→ Directions:
Look below for the line with "Mount Washington Nh" and the line with "5-piece garden furniture"; repeat exactly those two lines and all lines between them, but no pictures.

→ Records for this task:
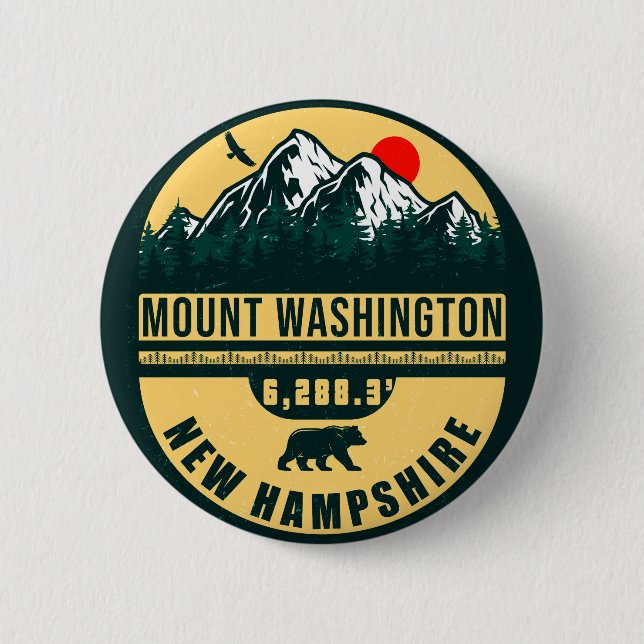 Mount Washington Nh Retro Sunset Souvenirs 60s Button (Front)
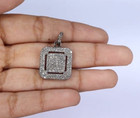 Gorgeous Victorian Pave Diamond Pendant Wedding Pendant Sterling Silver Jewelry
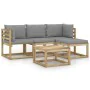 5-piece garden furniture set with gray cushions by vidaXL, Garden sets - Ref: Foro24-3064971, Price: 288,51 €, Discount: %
...
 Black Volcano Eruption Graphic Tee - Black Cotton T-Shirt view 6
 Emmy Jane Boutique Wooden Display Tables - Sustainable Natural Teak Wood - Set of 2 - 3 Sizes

→ Written answer:
 Mount Washington Nh Retro Sunset Souvenirs 60s Button (Front)
 Gorgeous Victorian Pave Diamond Pendant Wedding Pendant Sterling Silver Jewelry
 5-piece garden furniture set with gray cushions by vidaXL, Garden sets - Ref: Foro24-3064971, Price: 288,51 €, Discount: %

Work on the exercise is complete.